- Battle of Pinos: Part of the Anglo-Spanish War (1585)
| Date | 11 March 1596 |
| Location | Off the Island of Pinos (present-day Cuba) |
| Result | Spanish victory |

Belligerents
- England: Spain

Commanders and leaders
- Thomas Baskerville: Bernardino de Avellaneda

Strength
- 14 warships: 13 galleons

Casualties and losses
- 1 galleon captured 1 patache captured 325 killed or captured: 1 ship sunk 80 killed or wounded

= Battle of Pinos =

1596 naval battle near Cuba

The Battle of Pinos was a naval engagement between a Spanish fleet under Admiral Bernardino Delgadillo y Avellaneda and the surviving ships of Francis Drake's expedition to the Spanish West Indies, now in command of Drake's lieutenant, Sir Thomas Baskerville, which took place off the Island of Pinos during the Anglo-Spanish war of 1585. The Spanish squadron was victorious, capturing two English ships.

==Background==

After failed attacks against San Juan de Puerto Rico and Panama, during which Francis Drake and John Hawkins had perished from dysentery, the English fleet anchored in Portobello to reorganize and careen their ships prior to return to England. Sir Thomas Baskerville, Colonel-General of the landing forces, was then elected by his officers as the new commander of the retreating fleet, whose number of ships soon decreased to 18, as two of them, the Delight and the Elizabeth, had to be burned or sunk due to lack of crew. Two generals, 15 captains, and 22 officers had died in combat or from disease; a loss which demoralized the men on board.

The English fleet departed Portobello on February 8. A few days later a storm scattered the fleet. Several ships returned to England via Jamaica, while Baskerville, with the bulk of the fleet, headed to Cabo Corrientes to sail to his country along the northern coast of Cuba. In Spain, meanwhile, news of Drake-Hawkin's attack in Gran Canaria had reached the Spanish court. A fleet of 8 galleons and 13 other vessels (mainly hulks and pinnaces) under Captain General Don Bernardino de Avellaneda, with Juan Gutiérrez de Garibay as Admiral, Juan de Villaviciosa as flag captain, and about 3,000 men aboard, was dispatched from Sevilla to Cuba, which was supposed to be menaced by the English. In early March they arrived at Cartagena de Indias, disposed to pursue Baskerville.

==Battle==
On March 7, part of Avellaneda's fleet surprised two English ships south of Cienfuegos.

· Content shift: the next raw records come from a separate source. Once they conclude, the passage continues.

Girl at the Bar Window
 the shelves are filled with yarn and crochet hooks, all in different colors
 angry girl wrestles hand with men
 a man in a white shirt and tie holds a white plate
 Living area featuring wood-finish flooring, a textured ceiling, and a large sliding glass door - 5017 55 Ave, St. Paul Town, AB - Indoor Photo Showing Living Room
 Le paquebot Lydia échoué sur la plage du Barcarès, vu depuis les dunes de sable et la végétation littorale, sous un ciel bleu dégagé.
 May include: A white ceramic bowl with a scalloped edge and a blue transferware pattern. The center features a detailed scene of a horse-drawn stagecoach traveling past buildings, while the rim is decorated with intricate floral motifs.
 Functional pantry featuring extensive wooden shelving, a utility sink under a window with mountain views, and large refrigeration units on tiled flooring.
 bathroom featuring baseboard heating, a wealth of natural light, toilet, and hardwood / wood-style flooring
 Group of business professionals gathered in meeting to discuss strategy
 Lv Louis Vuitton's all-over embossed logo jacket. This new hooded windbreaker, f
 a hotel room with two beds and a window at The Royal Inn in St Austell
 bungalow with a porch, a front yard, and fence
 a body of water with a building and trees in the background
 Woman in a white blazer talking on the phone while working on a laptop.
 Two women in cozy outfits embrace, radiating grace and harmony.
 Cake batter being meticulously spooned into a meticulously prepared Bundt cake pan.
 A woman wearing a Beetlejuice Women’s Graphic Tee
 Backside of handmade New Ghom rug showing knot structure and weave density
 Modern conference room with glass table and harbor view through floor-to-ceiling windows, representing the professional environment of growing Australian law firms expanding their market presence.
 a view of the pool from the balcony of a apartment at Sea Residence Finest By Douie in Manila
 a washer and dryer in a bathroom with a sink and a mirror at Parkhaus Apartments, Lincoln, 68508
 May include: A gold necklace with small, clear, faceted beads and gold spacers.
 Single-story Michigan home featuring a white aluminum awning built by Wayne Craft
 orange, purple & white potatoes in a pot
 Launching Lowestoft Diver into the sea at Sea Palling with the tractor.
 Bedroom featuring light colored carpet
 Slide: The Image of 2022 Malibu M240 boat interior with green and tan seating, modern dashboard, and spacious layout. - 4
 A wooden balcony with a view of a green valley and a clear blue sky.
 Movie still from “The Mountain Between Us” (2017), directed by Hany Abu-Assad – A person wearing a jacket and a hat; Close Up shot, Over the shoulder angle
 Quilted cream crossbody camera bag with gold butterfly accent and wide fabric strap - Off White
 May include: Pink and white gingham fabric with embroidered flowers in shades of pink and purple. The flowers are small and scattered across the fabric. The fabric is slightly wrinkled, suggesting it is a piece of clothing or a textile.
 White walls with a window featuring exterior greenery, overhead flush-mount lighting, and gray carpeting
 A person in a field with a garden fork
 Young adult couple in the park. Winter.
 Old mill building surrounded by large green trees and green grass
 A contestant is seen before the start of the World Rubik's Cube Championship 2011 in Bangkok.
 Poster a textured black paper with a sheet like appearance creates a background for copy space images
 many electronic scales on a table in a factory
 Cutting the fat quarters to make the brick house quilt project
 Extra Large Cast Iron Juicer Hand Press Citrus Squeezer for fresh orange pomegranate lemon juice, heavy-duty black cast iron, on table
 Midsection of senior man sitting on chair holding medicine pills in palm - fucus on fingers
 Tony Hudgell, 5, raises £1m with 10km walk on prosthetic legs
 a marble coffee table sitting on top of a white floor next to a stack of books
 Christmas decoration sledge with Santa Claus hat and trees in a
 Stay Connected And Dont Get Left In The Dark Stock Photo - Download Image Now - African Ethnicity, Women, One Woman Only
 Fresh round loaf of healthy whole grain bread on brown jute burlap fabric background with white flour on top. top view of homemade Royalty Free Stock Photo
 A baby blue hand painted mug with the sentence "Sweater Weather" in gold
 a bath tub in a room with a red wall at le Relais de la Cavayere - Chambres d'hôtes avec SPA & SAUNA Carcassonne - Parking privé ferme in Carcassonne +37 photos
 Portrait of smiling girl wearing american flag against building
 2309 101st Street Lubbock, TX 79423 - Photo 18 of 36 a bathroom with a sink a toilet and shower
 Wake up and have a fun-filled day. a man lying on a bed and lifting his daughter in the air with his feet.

They were the Pegasine and were commanded by Thomas Maynarde. Engaged by the Spaniards, they received extensive damage, but finally managed to escape avoiding the dangerous shoals of Pinar del Río, and reached England on May 3, just a week before Avellaneda encountered the bulk of the English fleet supplying of wood and water at Guaniguanicos Cove, in the Island of Pinos, south of Cuba. Avellaneda immediately ordered his ships hoist their flags and attack. Baskerville, whose flagship was John Hawkin's La Garlande, however, tried to avoid combat scattering his ships towards Cape San Antonio. Most of the English ships escaped because they abandoned their boats and threw their baggage into the water. Vice Admiral Juan Gutiérrez de Garibay's three-ship vanguard managed to intercept and capture two ships: a 300-man galleon and a 25-man patache whose prisoners were put to work on Havana's fortifications. The loss on the Spanish side amounted to 80 men killed or wounded and a warship, sunk during the clash.

==Aftermath==
Avellaneda's fleet pursued the English as far as the Old Bahama Channel. On 22 May, returning to Havana, they captured John Crosse’s pinnace Little Exchange off the town. This was not the last loss suffered by the English, as only eight of the 28 warships which had departed England on 1595 returned to their country. The survivors reached Plymouth at the same time the Spanish treasure fleet disembarked at Sanlúcar de Barrameda with 20 million silver dollars, one of the largest shipments ever to arrive from the Americas.